The UH grad with a background in media production and beverage management has released three singles in anticipation of his upcoming concept album, Colorfool. The tracks, aptly named “Blue,” “Green,” and “Red,” are as distinct as they are captivating. We spoke with Uncle Tino about the upcoming album, its colorful meaning and his experience as a trans man in hip hop.
One of the most recognizable elements of your music these days is your talkbox. How long have you been playing it and what came first, writing rhymes or playing instruments?
I’ve been playing it for a few years now! I actually started writing when I was about 13 and decided I wanted to rap seriously at 14, 15. I started playing guitar when I was 11, drums as well, but I’m not disciplined or trained at any instrument, lol. I play by ear and just have fun with what I can learn. I also knew I could sing when I was super young, but was too shy up until my late teens.
The concept of colors seems to be the obvious theme of the Colorfool project. Can you elaborate on what that means and what each color-specific single represents?
The first song we ever completed off the album was actually meant for another project, produced by my best friend and head producer of Colorfool. It was “Blue,” then after we recorded it, he sent me another song titled “Green.” Then I wrote that, and thought why don’t we just finish with a bunch of other colors? And a concept was born.
Your music is extremely distinct from the typical Houston sound, both in terms of the city's classic low and slow vibe as well as its Latinx rap scene. What are some of the musical influences that have shaped your particular sound?
First off, thank you! I actually have a ton of influences. That of Gorillaz, Daft Punk, Missy Elliot, Mac Miller, Toro Y Moi, My Chemical Romance, Deftones, Anderson .Paak, George Clinton, NB Ridaz, The Cool Kids, Wu-Tang, Big L, De La Soul, Gang Starr. Tons of music. Hard to name just one or even top five.
It will come as no surprise to you that there aren't many trans-artists or allies in hip hop, which has a history of both trans- and homophobia since its origin. Has that reality impacted your career in any way, and how does being a trans man inform and shape your own identity within the industry?
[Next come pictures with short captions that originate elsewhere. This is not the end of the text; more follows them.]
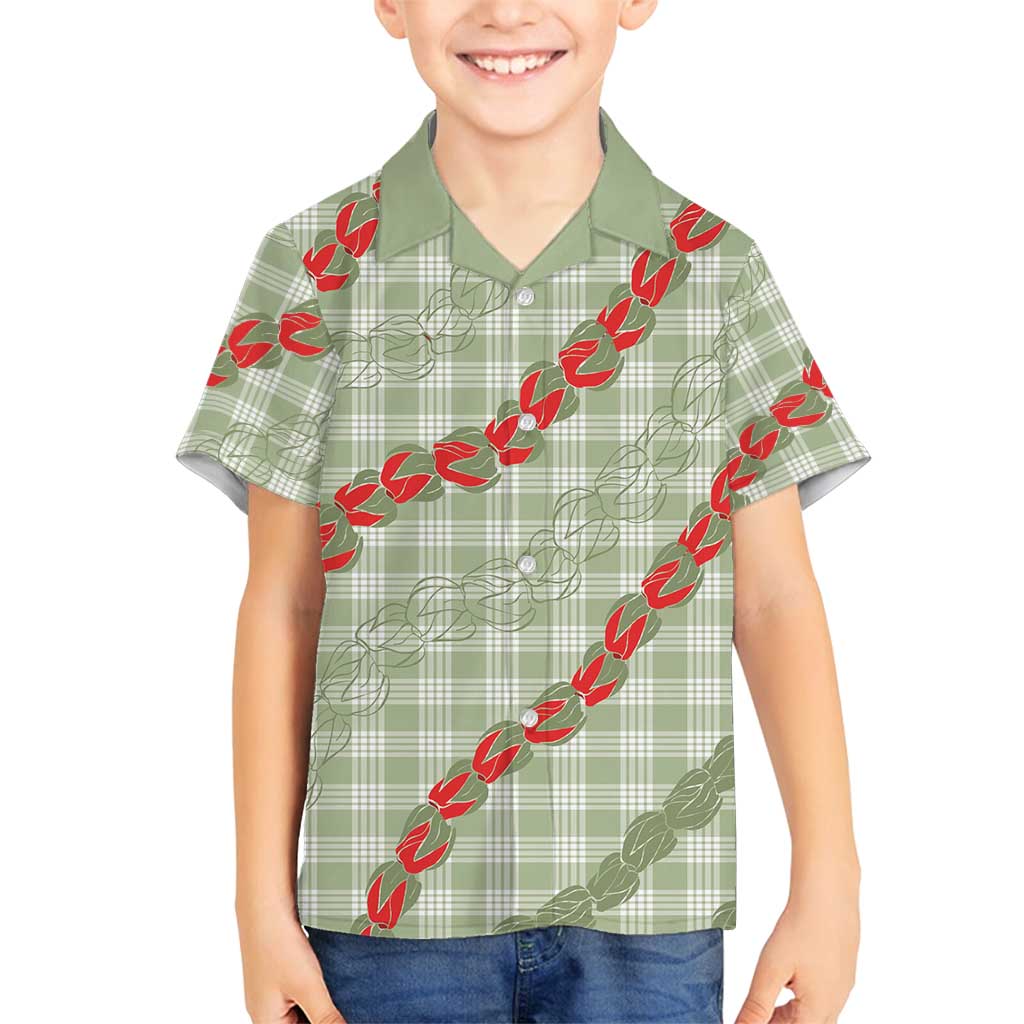 Omaomao Aloha Hawaii Family Matching Off Shoulder Short Dress and Hawaiian Shirt Rosebud Lei With Palaka Motif - Polynesian Pride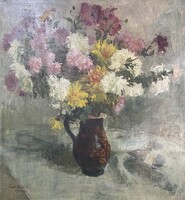 Tóth B. László (1906-1981): Virágcsendélet olaj-vászon festmény 66*61 cm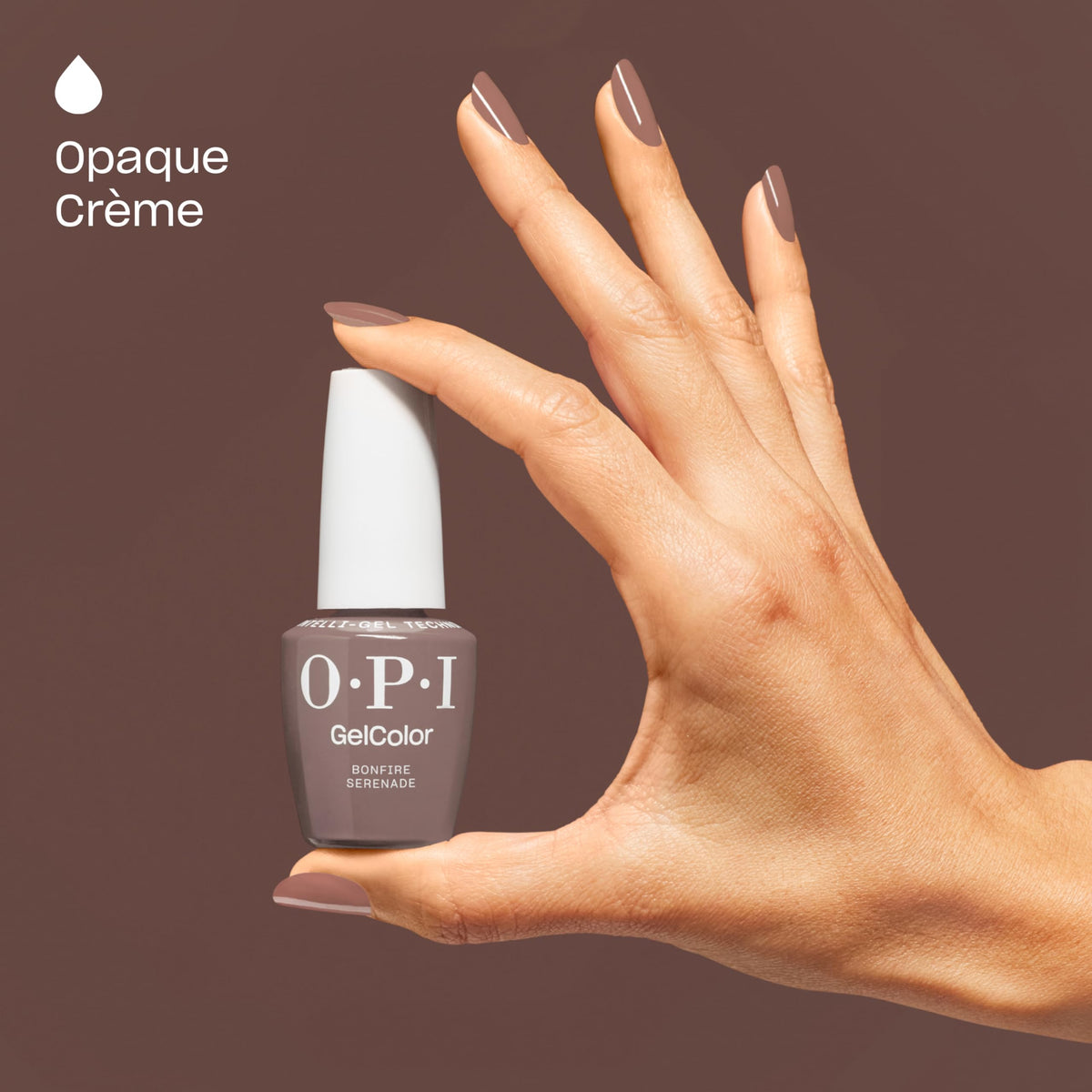 OPI Star Light LED lamp cures Bonfire Serenade in 30 seconds for quick results.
I mean, shit, if it’s had any crippling impact on the outside, I haven’t noticed. I don’t let what others have to say about who I am affect me negatively. I’m damned talented no matter what. I love what I do. I’m trying to set a blueprint for kids out there just like me, who want to make it somewhere that might not be welcoming and hold the door open for them to join. In this day and age, I feel like people are opening up to getting educated on the topic, but if I gotta push harder or take any transphobic hits I will (and I HAVE). I got pretty thick skin. Most of the time people are just intimidated or jealous—neither of which concern me. I’m not scared to be myself, there’s no point in it.
Following up on the previous question, you seem to have established a firm place for yourself within Houston's Latinx rap community. What does it mean for peers like Bo Bundy, TrillWavy, and others to embrace you as a key member of the community?
Being respected for my talent and identity is key for sure. [It] just means there’s a solid foundation to move up and forward not only in the industry but as humans.